Now let us take two samples where the p-value is about 0.1 and see if we can use the bootstrap to determine that the two populations are in fact similar? The expectation would be to get a lot less tests with a p-value of less then 0.05 then in the case of the actually different populations.
Code:
Len=1000
x=numeric(Len)
y=numeric(Len)
for(i in 1:Len){
x<<-rnorm(17,1,1)
y<<-rnorm(17,2,1)
if(t.test(x,y,alternative="two.sided")$p.value>0.1){ break } } print(sprintf("So, the %d th trial resulted in a p-value of %f", i, t.test(x,y,alternative="two.sided")$p.value))

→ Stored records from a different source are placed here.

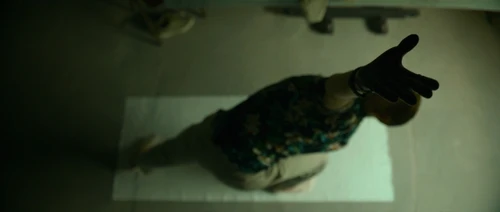 Still frame 14 from The Killer (2023) directed by David Fincher
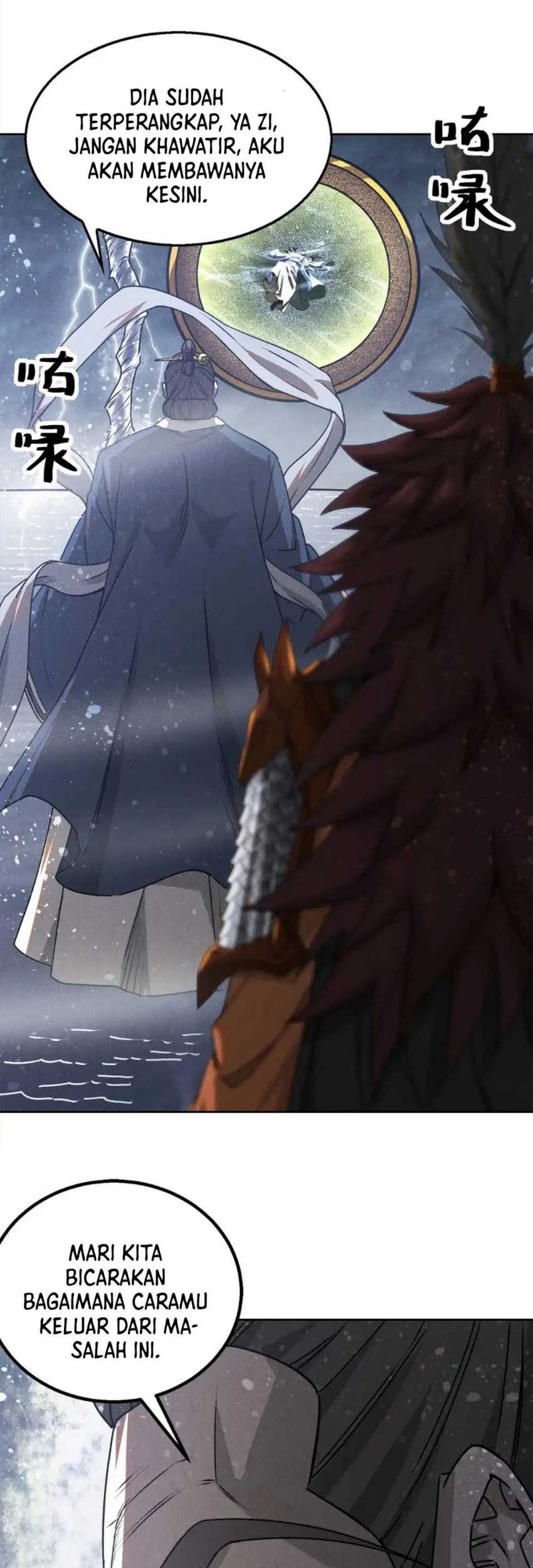 A Demonic Heart Chapter 118 - halaman 16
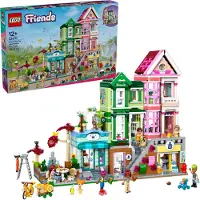 LEGO FRIENDS 42670 Appartements et magasins de Heartlake City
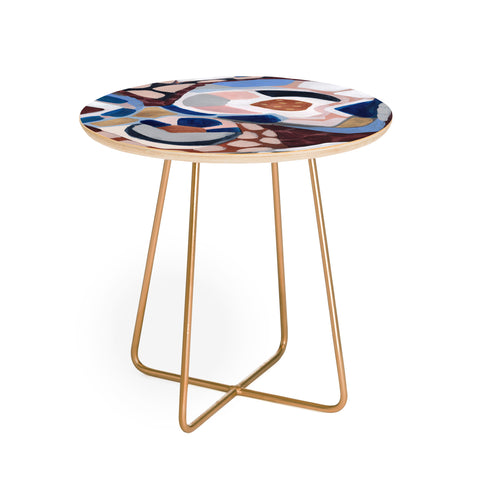 Laura Fedorowicz True Compassion Round Side Table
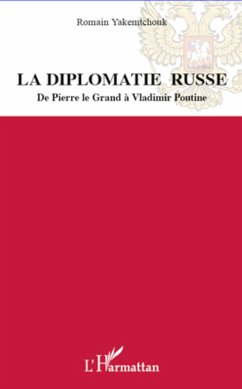 Cover La diplomatie russe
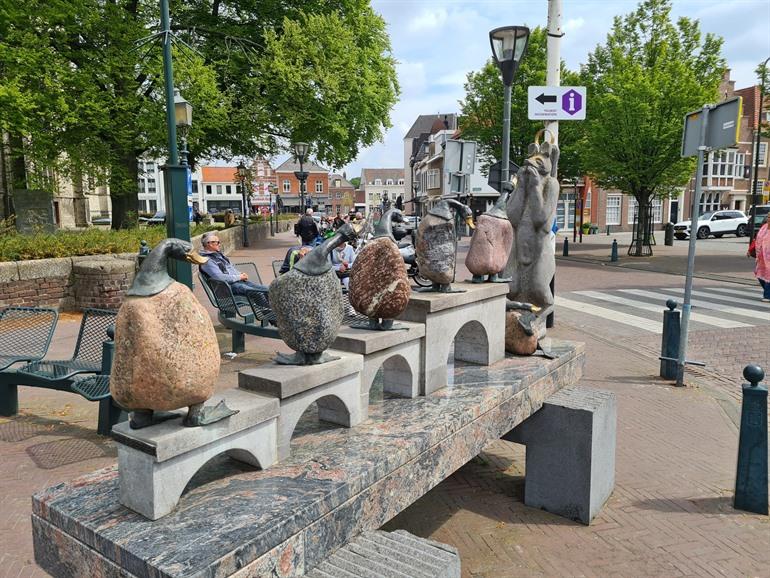Wenn der Fuchs in Hulst die Leidenschaft predigt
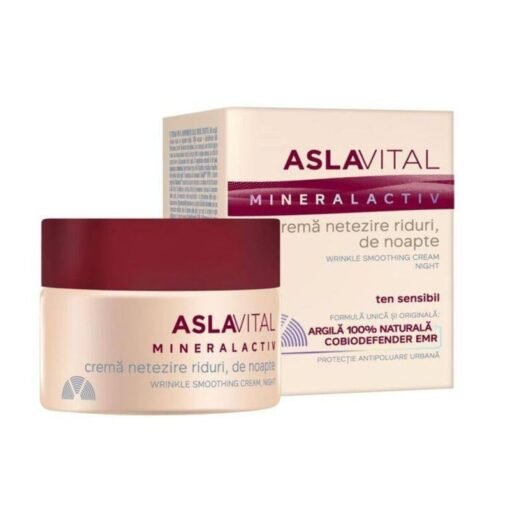 1570 ASLAVITAL Crema Netezire Riduri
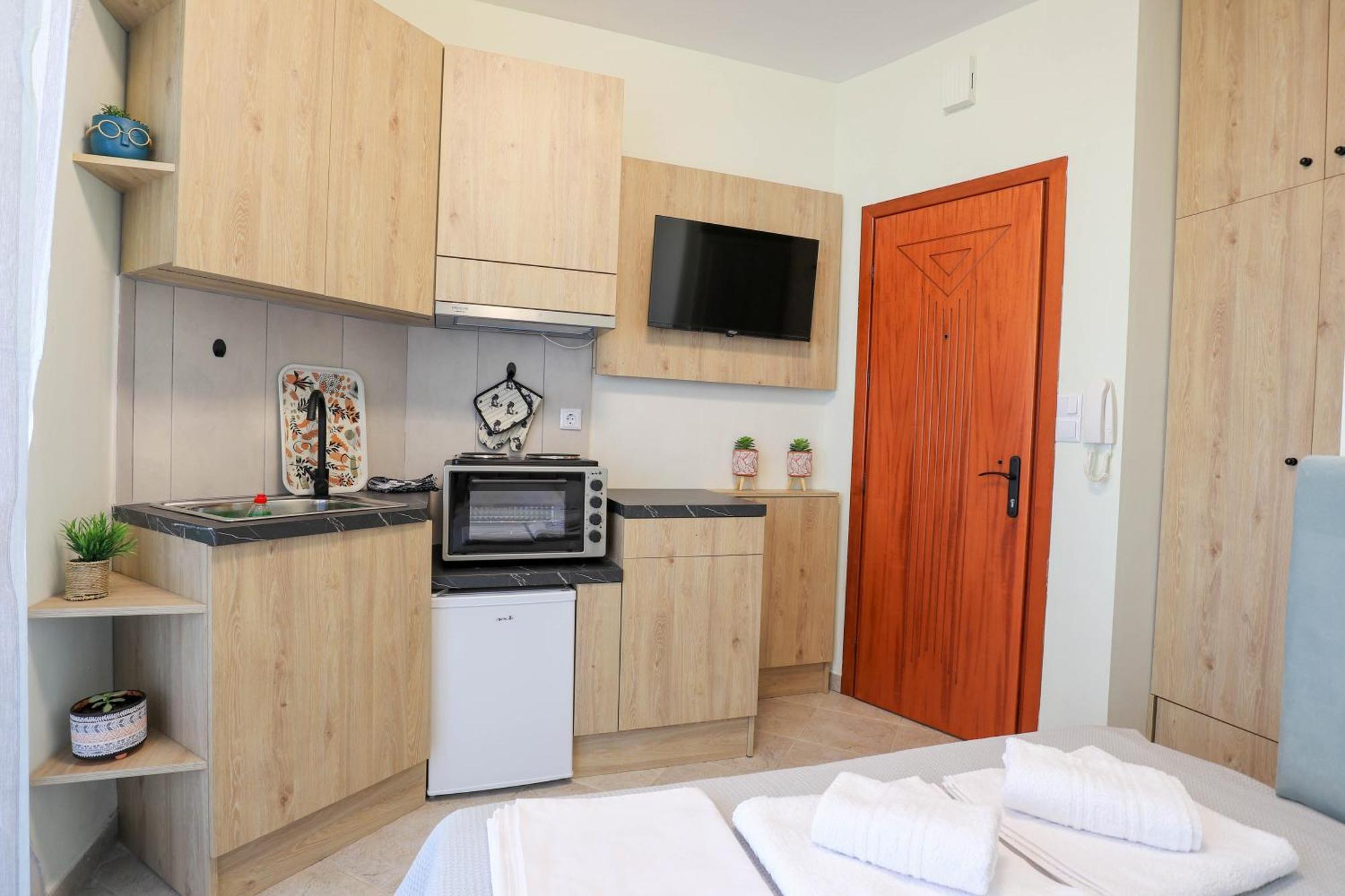 Studio 35 Alexandroupolis Exteriör bild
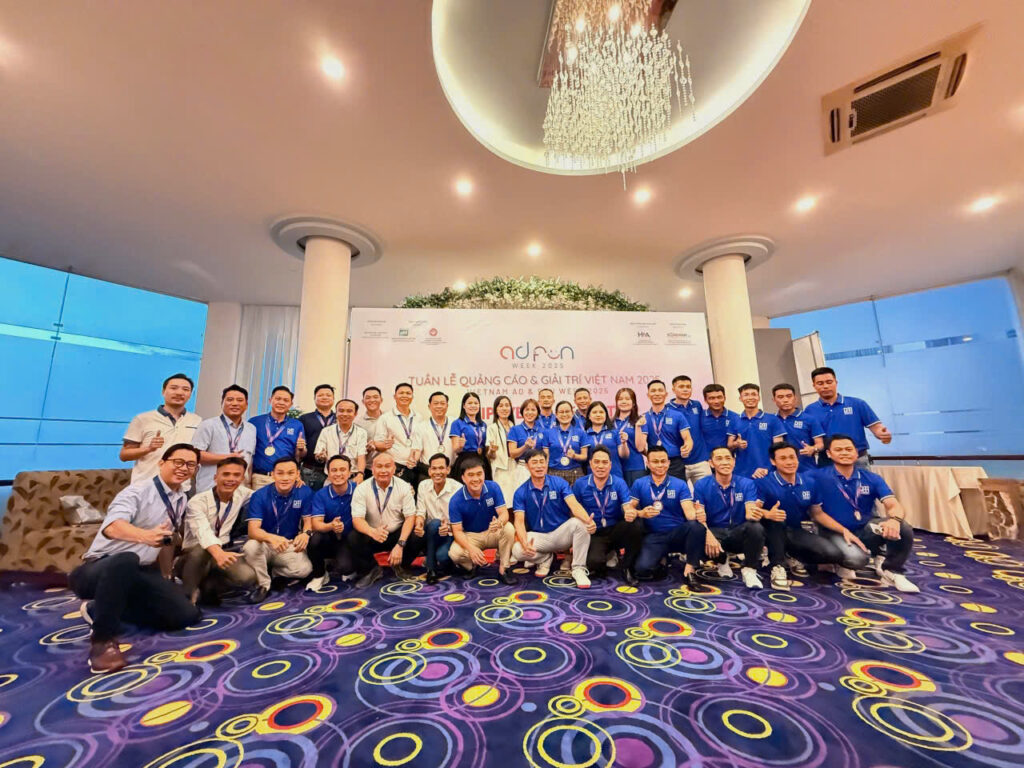 HỘI THAO AD&FUN WEEK 2025 – GIẢI BÓNG ĐÁ – TENNIS – PICKLEBALL MỞ RỘNG – CÚP MINH HIẾU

## [1] "So, the 3 th trial resulted in a p-value of 0.111358"
Now let us see the bootstrap results.
Code:
Len=500
pval=numeric(Len)
for(i in 1:Len){
x1=sample(x,17, replace=TRUE)
y1=sample(y,17,replace=TRUE)
pval[i]=t.test(x1,y1,alternative="two.sided")$p.value } x=hist(pval, breaks=20) print(sprintf("Percent of tests with rejected NULL %.3f", x$counts[1]/Len))

## [1] "Percent of tests with rejected NULL 0.404"
And no! So the bootstrap will simply see the imbalance in the sampling and is unable to distinguish between samples that come from populations with different means or similar ones - it will only amplify the sampling error.

#### hlsmith

##### Less is more. Stay pure. Stay poor.
Side note, if I remember correctly the standard sampling approaching are a little bit off, that is why Efron came up with the 0.632+ bootstrap version.

#### hlsmith

##### Less is more. Stay pure. Stay poor.
This form of the bootstrap is most often used within cross-validation to address that the observations within the folds are not completely independent.